# Sony Vaio Recovery Partition



## InCollege4Life (Apr 23, 2010)

OK trying to get my sony to boot from recovery partition. Im not so good with command prompt, but thats all i got since my C drive is corrupt and only the recovery partition is in working order. When i do dir/a:h of my recovery partion (Eit just says 

0 files 
1 dir.

then i type attrib and i get 4 files
E:\autorun.inf
E:\bootmgr
E:\HDD
E:\snyhdrcv.ini


am I even on the right track, i dont think these are the files im looking for Sorry for being slow but this is the closest topic i can find related to my problem and i think this would work if i could only GET THERE

HELP!


----------



## jcgriff2 (Sep 30, 2007)

Shut the system down.

Boot-up, press the F10 key

F10 is used on most systems to invoke the recovery partition.


----------



## InCollege4Life (Apr 23, 2010)

It reboots before it will recognize the f10, its stuck in a reboot loop. C primary partition is corrupt and i guess this is why it is stuck in the loop


----------



## InCollege4Life (Apr 23, 2010)

Oh i thought this was created in an earlier thread but just noticed it was closed and my reply created a new thread, for clarity this is the route that i think is the way for me to go
What i am trying to do is highlighted in red

harrypotel 
Registered User

Join Date: Aug 2009
Posts: 1 
OS: Windows 7 RC1 

Re: Sony Vaio Recovery Partition 
Quote:Originally Posted by naeo 
In his post, he said that he had the Vista Ultimate DVD, that can be used as Vista Recovery too. In fact Vista Recovery Disc is a lite version of Vista DVD.

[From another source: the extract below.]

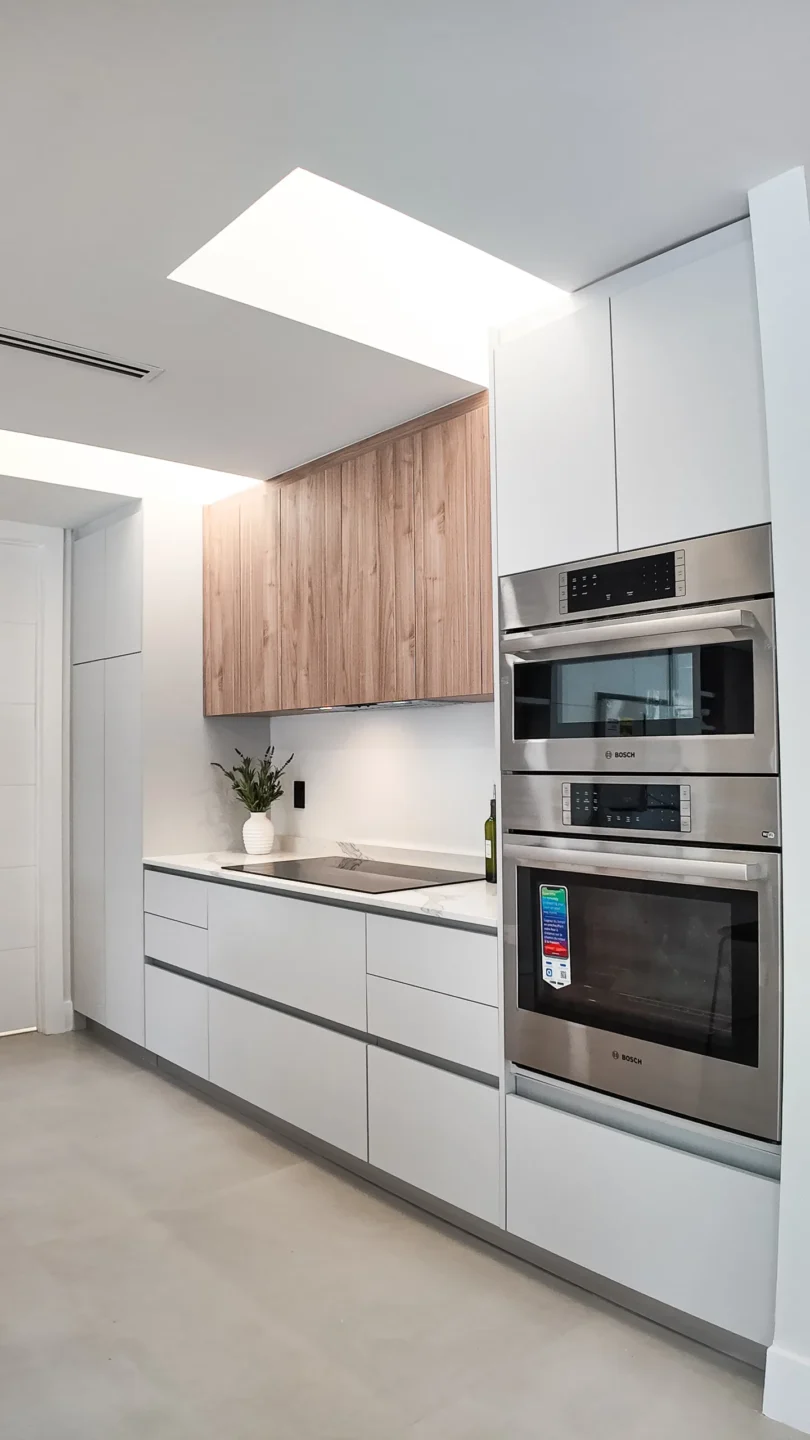 Tall kitchen cabinets with integrated wall ovens and finished end panels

As a matter of fact, a few hours ago when I read this post, I was looking for solutions to this problem too. Much to my frustration, it turned out to be very simple when it works. I know it's a month old thread but hope that my post will help other that experience this problem in the future.

Actually the mbr on c: has nothing to do with that or it has something to do in some kind of ways, i'm not sure. However, the important thing to know is that the hidden partition do a back-up itself everytime the 'bcd' file where mbr info is contained, is overwritten.

Vaio laptop, like every other laptops that have a hidden partition. This partition itself has an OS to run the Recovery. When C: is installed by another OS (Linux, XP,...) the mbr info is overwritten in every partition that is bootable. This applies to the hidden partition too. That is why you cannot launch the Recovery by pressing Alt F10 or F10 (depending on laptop brand).

To fix this you need a Vista Recovery CD or the Windows Vista DVD itself to launch Vista Computer Repair Service.

In Windows Vista setup first or second windows (depending if you have to choose the language and keyboard type), click Repair Computer in low left corner. It might not list the partition that you wish to repair. Even if it is listed there, you cannot fix it just by repair its boot information from the CD/DVD. 

Click Cancel to go back to Vista Recovery wizard where you have many options to repair your computer or restore the system point.

Open the CommandPrompt there.

From the CommandPrompt window, you need to go to that hidden partition. If you know its drive letter, great! Otherwise, just try one by one till you reach there. If it is not there, you can use diskpart to make it available. For command syntax with diskpart http://technet.microsoft.com/en-us/l.../cc766465.aspx

From this partition, use CD command line to get into hidden directory boot. Type dir /a:h to display the file 'bcd' inside this boot folder. You will also see in this directory the backup files of bcd. I don't remember how many times did I mess it up but I saw 4 backup files there. What you do is to restore the original 'bcd' file (usually the oldest backup).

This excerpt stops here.